It immediately helped her graduate on the game's food chain from a measly shrimp to the ominous nickname of "Piranha," conjuring up the nasty image of a small fish with a sharp bite that devours everything in its path and right to the bone.
Kostanian absolutely loves the sound of it, the idea of it.
"It's pretty cool," she says with another giggle.
The second of two daughters, Kostanian was born in the capital and largest city of Armenia called Yerevan, but moved to Los Angeles when she was just a year old. When she was 10, her parents, Hrair and Alvard, moved yet again, this time to Albuquerque, N.M., where her father, a serious pool player himself, and relatives opened up a pool room together.
"My dad is very strong bar-table player, probably the best in Albuquerque, will offer people the last three, or four, or even five until he gets a (money) game," she says. "He started teaching me how to play when he saw I had some natural talent.
"What's amazing about my dad is, he has such a great stroke, uses a lot of English but still controls the cue ball so well. I mean, he can play five-rail shape on balls - it's crazy. And he pushed me to do the same thing, had me practice four-rail shape with a lot of English when I was little. But I didn't have the strength to hit it that hard and I'd get so frustrated. He'd have me shoot it 50 times until I finally said to him, 'Dad, I can't do it … I can't do it.' And he'd let me stop."
She admits that she's always been a Daddy's Girl, and like her dad - but totally unlike her mom and older sister Izolda - she's insanely, if not uncontrollably competitive.
"Not just at pool," she adds. "At bowling. At racquetball. At poker.

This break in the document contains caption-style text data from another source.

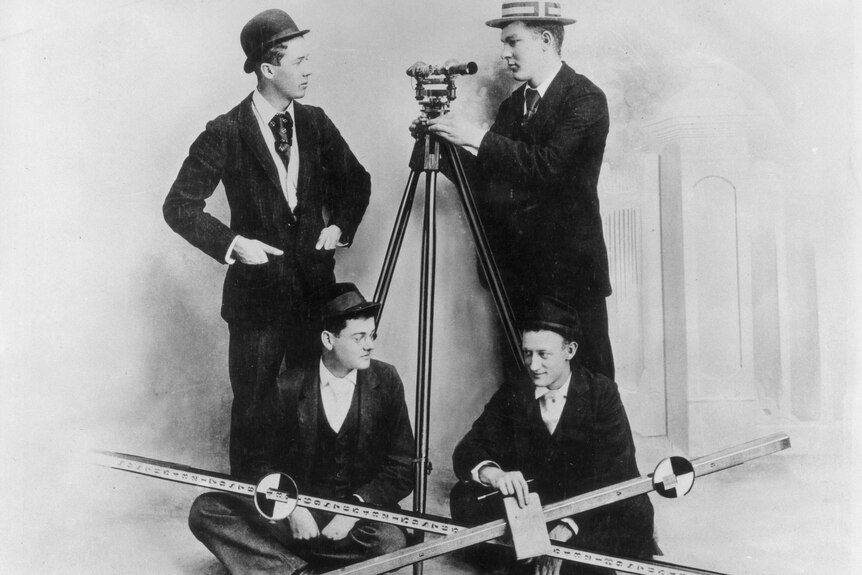 A black and white photo of four well-dressed students with surveying tools.
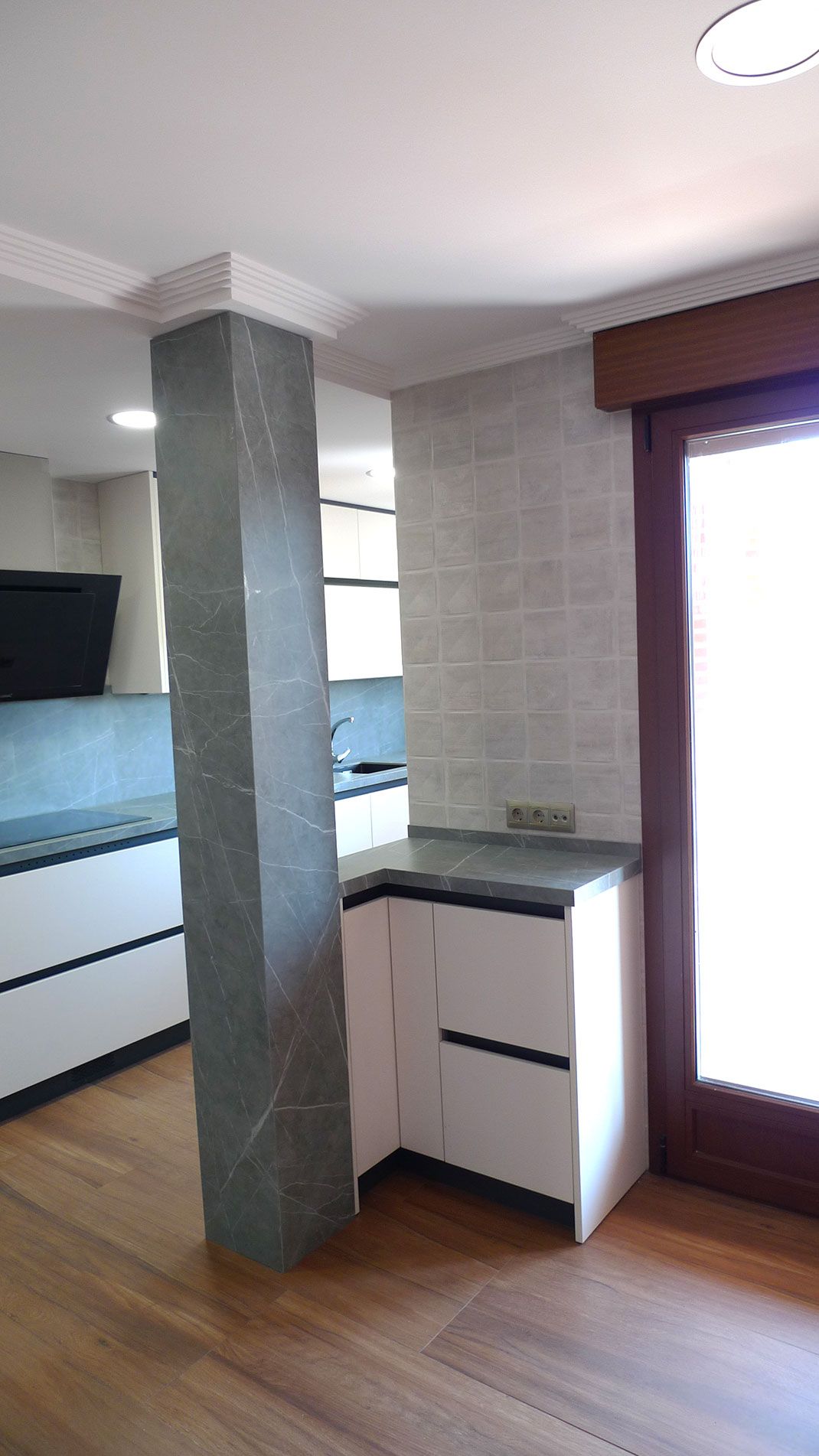 Muebles de cocina con columna a la izquierda y ventana a la derecha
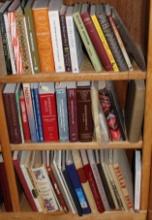 Three Shelves Filled with Books on Law, Food, Native American Tribes, and More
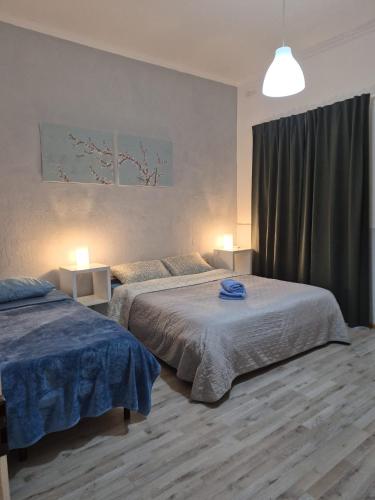 ein Schlafzimmer mit zwei Betten, zwei Lampen und einem Fenster in der Unterkunft Milner Flats in Sliema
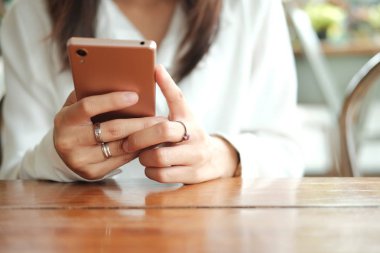 cep telefonu kullaranarak ve kahve kafede oturan Asya kadın el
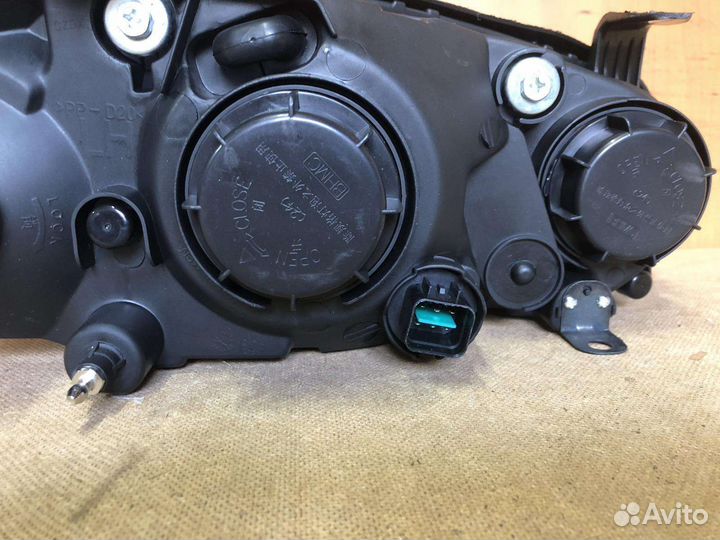 Фара левая Hyundai Elantra XD (03-10г) рест М/К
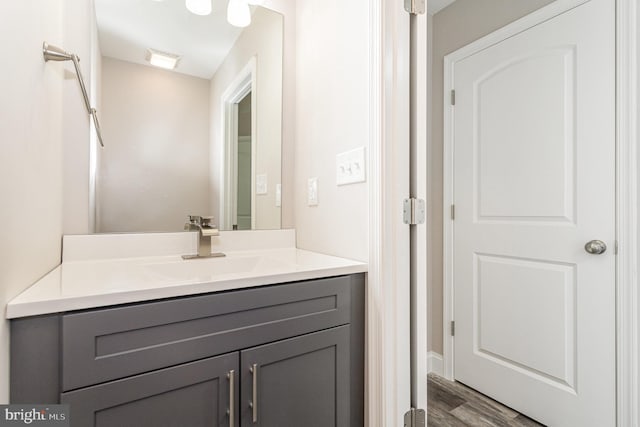 bathroom featuring vanity and hardwood / wood-style flooring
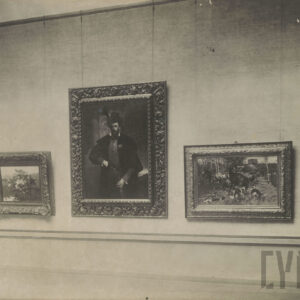 kilka obrazów podwieszonych na linkach, przedstawiających postacie ludzkie i scenki rodzajowe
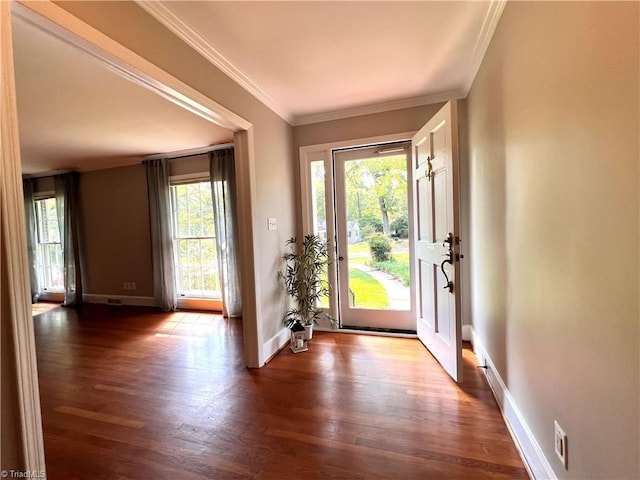 508 Audubon Dr, Greensboro, NC 27410 - foyer featuring dark wood-style floors and crown molding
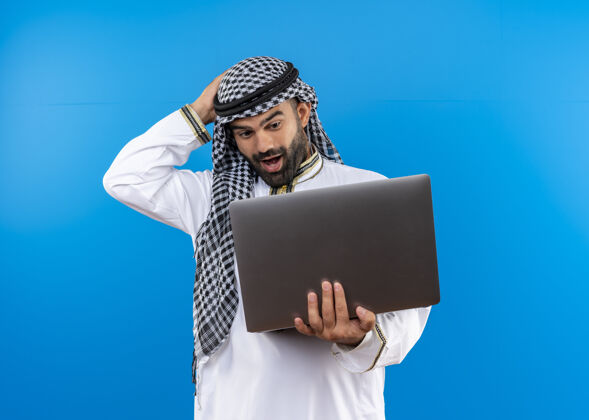 惊喜身着传统服饰的阿拉伯商人拿着笔记本电脑看着它惊讶而快乐地站在蓝色的墙上阿拉伯语站持有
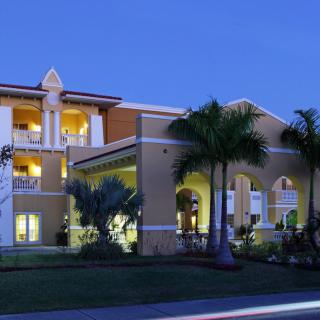 An illuminated residential building with palm trees at night.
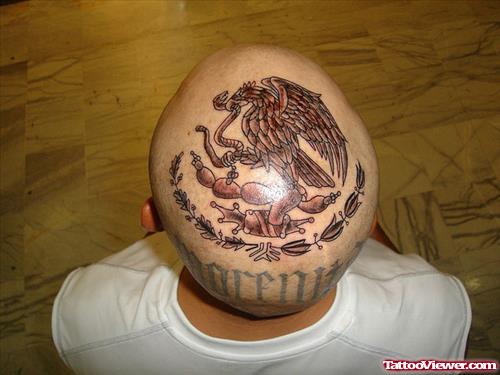 Brown Ink Eagle Tattoo On Man Head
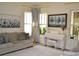 Cozy living room with a comfortable couch and a view of the white Yamaha piano at 2057 Celebration Blvd, Celebration, FL 34747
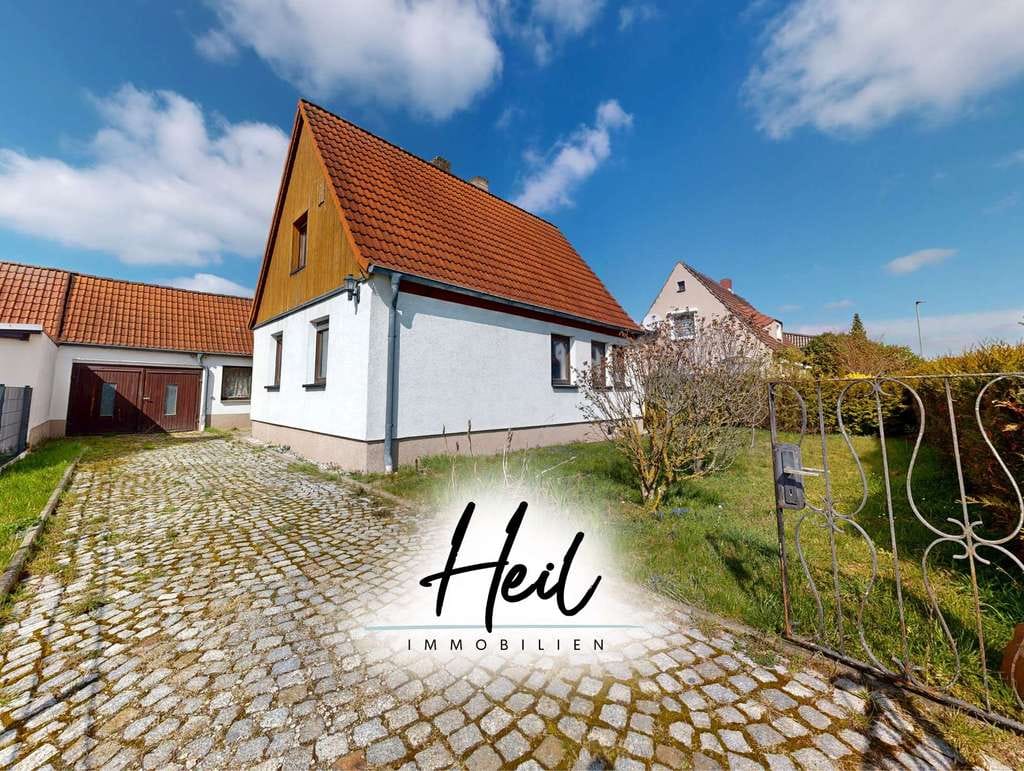 Immobilie in Zwenkau - Einfamilienhaus mit Garten, Terrasse und Garage auf Erbbaugrundstück - Bild 0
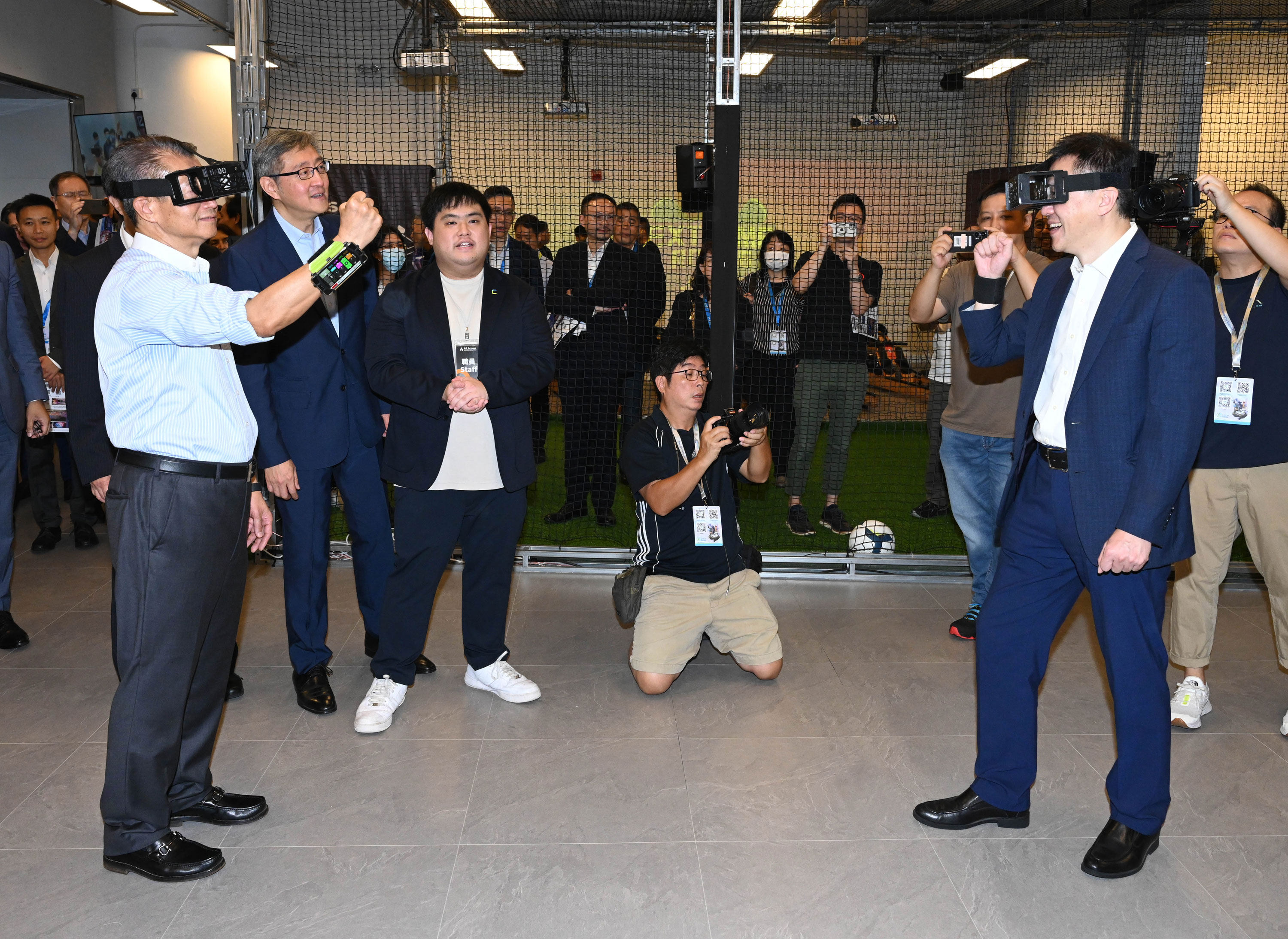 Financial Secretary Paul Chan (left) tried his hand at virtual reality at the Digital Entertainment Leadership Forum over the weekend. Photo: Handout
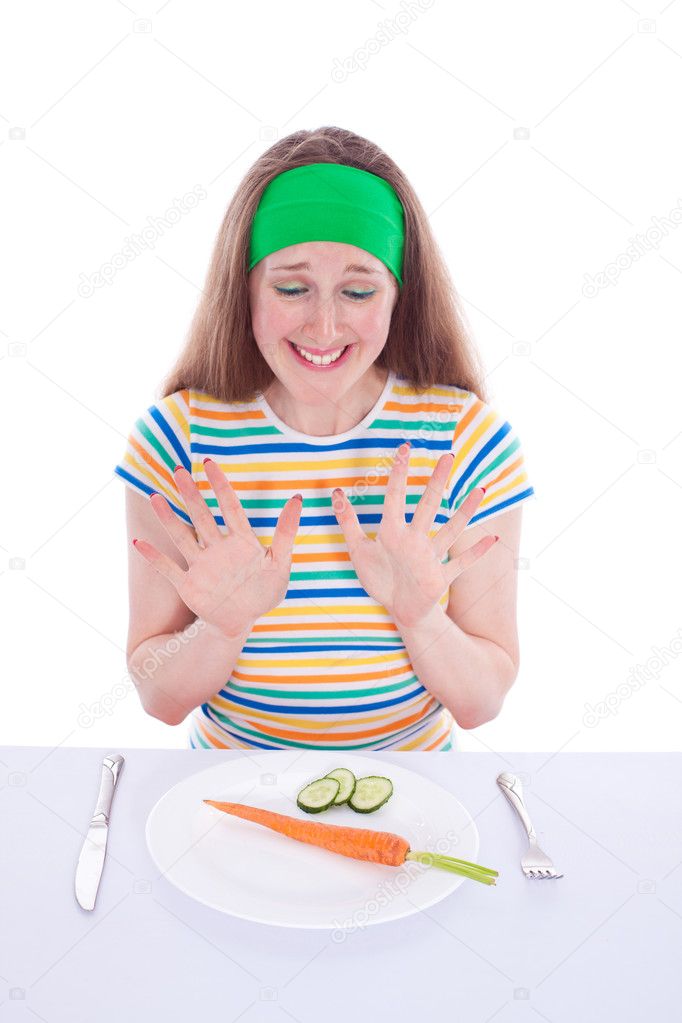 Young woman refuse to eat carrot and lettuce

At everything."
At 13, Kostanian was already the talk of the Hunter Classic Tour by placing seventh at one of the stops, and just two years later she won her first WPBA qualifier, before twice capturing the Junior Nationals.
"I always felt a little behind everybody else, until I won a couple of Hunter Tour stops in a row," she says. "Then I remember thinking to myself, 'Hmm, I think I can beat these girls.'"
And now, having toppled the likes of the Duchess of Doom and the Black Widow, she's beginning to feel the same about the pros, even the toughest of ones.
"She's not afraid to play the top players - that's for sure," says Gerda Hofstatter. "As sweet a girl as she is, no matter who she's playing, she definitely has an attitude - she's even a bit grumpy - when she's at the table."
Jeanette Lee, who's been on the receiving end of that I-don't-care-who-I'm-playing 'tude, says, "I've seen her strong game and it's very strong, and I've learned that if you give Anna the opportunity, she will rip your throat out. She plays an aggressive, smart game, like someone who's been around for a long time, and has so much composure for someone so young. A lot of these young girls stroke fast, rush around the table, have all these extra mannerisms, while Anna has a nice, calm confidence about her."
Jennifer Barretta remembers being utterly startled at the way Kostanian just "fired" at her the first time they played each other, went ahead 5-0 before Barretta realized what hit her. "Anna is so small that it was hard to believe that she could get the cue ball around the table the way she did," she recalls. "Despite her size, she has a lot of power in her stroke." Barretta remembers another WPBA event, in Peoria, Ill., when Kostanian stunningly closed out the set on her by never missing a ball the final four games. "She's so tough and determined, with no quit in her," Barretta says. "I could see a lot of myself in her - that intensity of where it's all about pool. She's not at these tournaments to make friends. She's not there to have a good time. She's there to win."